The timed 5K course is closed and certified by USA Track and Field, with time chips located on each runner’s bib. There will also be three water stations throughout the course.

Public lots and on-street parking will be available the day of the race.

The fee for all three virtual races, meanwhile, is $25, with an extra $7 for those who wish to receive swag via pick-up or shipping. 

Participants can register for all races online HERE or by downloading and filling out THIS FORM and mailing it to the YMCA, 7101 53rd St., 53140, Attn: Tenille. Registration can also be completed in-person at the YMCA.

Registration ends on Wednesday, June 29, at 11:59 p.m., but a “last-chance” registration will be available in-person at the YMCA on Friday, July 1, from noon to 6 p.m., with an extra $5 fee on top of the registration cost.

Healthier lifestyle

Ruffalo and his family have long been part of the “marathon lifestyle.”

Dominic Ruffalo is a longtime participant in the Kenosha YMCA Firecracker Run.

His son, Andy — who Dominic said will also participate in this year’s Firecracker Run — is a prolific marathon runner who has plenty of titles to his name, including multiple Firecracker wins.

But for Dominic, running wasn’t always part of his lifestyle.

He competed in his first marathon in 1988 after getting serious about running in an effort to improve his lifestyle, which included the decision to quit drinking and smoking.

“I was a four-pack-a-day smoker,” Ruffalo said. “I was running a little bit, probably three or four years, before I took up marathon running. Once I did, I was hooked.”

Ruffalo recalled with a laugh his first foray into distance running.

“I remember when I first started off, that’s when you had all these jogging suits and stuff,” he said. “So I put it all on, got the shoes on. 

“I only ran like a quarter of a mile and went back home already. I said, ‘I’m done. What am I getting dressed up for?’”

But Ruffalo tells that story to underscore a valuable lesson for anyone who wants to get into running, or just a healthier lifestyle in general, but doesn’t know where to start.

Ruffalo may be a seasoned marathon runner with a healthy lifestyle now, but it took a lot of little steps and consistent work to get there.

“You’ve got to look at your life and what you want out of life,” he said when asked what his advice would be for anyone who wants to take up running. “Start by walking, and then don’t increase your mileage by more than 10 percent a week. And then pick up a little running. 

“You can walk for three minutes, run for 30 seconds, walk for three minutes, run for 30 seconds, and then eventually increase your running time more and your walking time less.”

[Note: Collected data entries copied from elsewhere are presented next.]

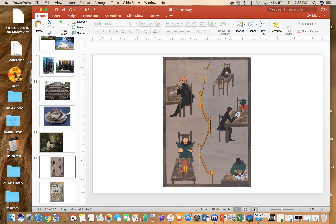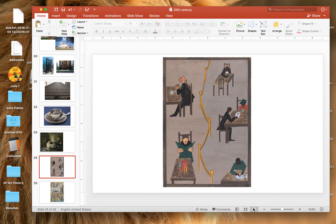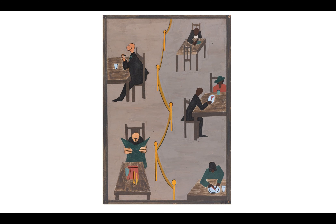Let's move on to our next slide for the week. We are the week of April 13th through the 17th. This one is called The Migration of a Negro, and this is panel number 49. It's really important to make sure that you have that title down specifically.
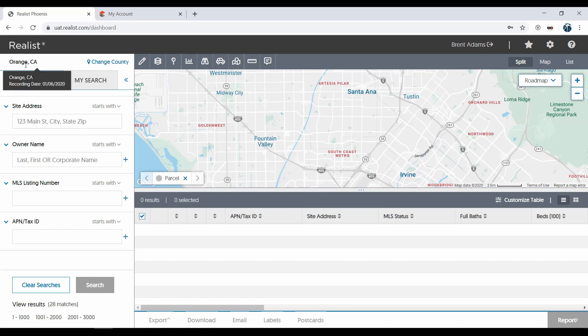When I hover my mouse over the county name, notice the recording date in the pop-up. This lets you know how up-to-date the data in this county is. You won't see recorded sales, foreclosures, or mortgages available in a county after the recording date listed by its name. Note that these dates change frequently, so always check the date each time you log in or switch counties.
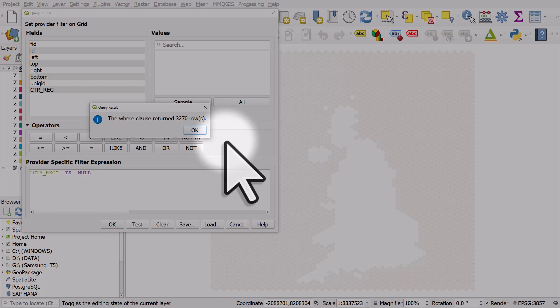So if you want to filter or select null values, you need to use is instead of equals.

Actually, Ruffalo himself is spending a little more time walking these days, too.

Unfortunately, he said he’s developed long-term COVID effects after getting the virus in October 2020. When he returned to running after taking a break to convalesce, he said his heart rate quickly elevated too high while running his usual routine.

So to adjust and keep his heart rate from getting too high, Ruffalo said he now has to alternate between running and walking.

The 2021 Spirit Award winners.

But that hasn’t stopped him from doing what he loves. Even if Ruffalo can’t record the times he once did in races, he still keeps himself active every day, and he’s not going to miss this year’s Firecracker Run.

“I have to do something every day,” Ruffalo said. “It’s part of my life, and so is this race, as a matter of fact, because I’ve done it for so many years. 

“It’s a Kenosha tradition. Especially being an alderman, you’ve got to support the activities that go on in Kenosha.”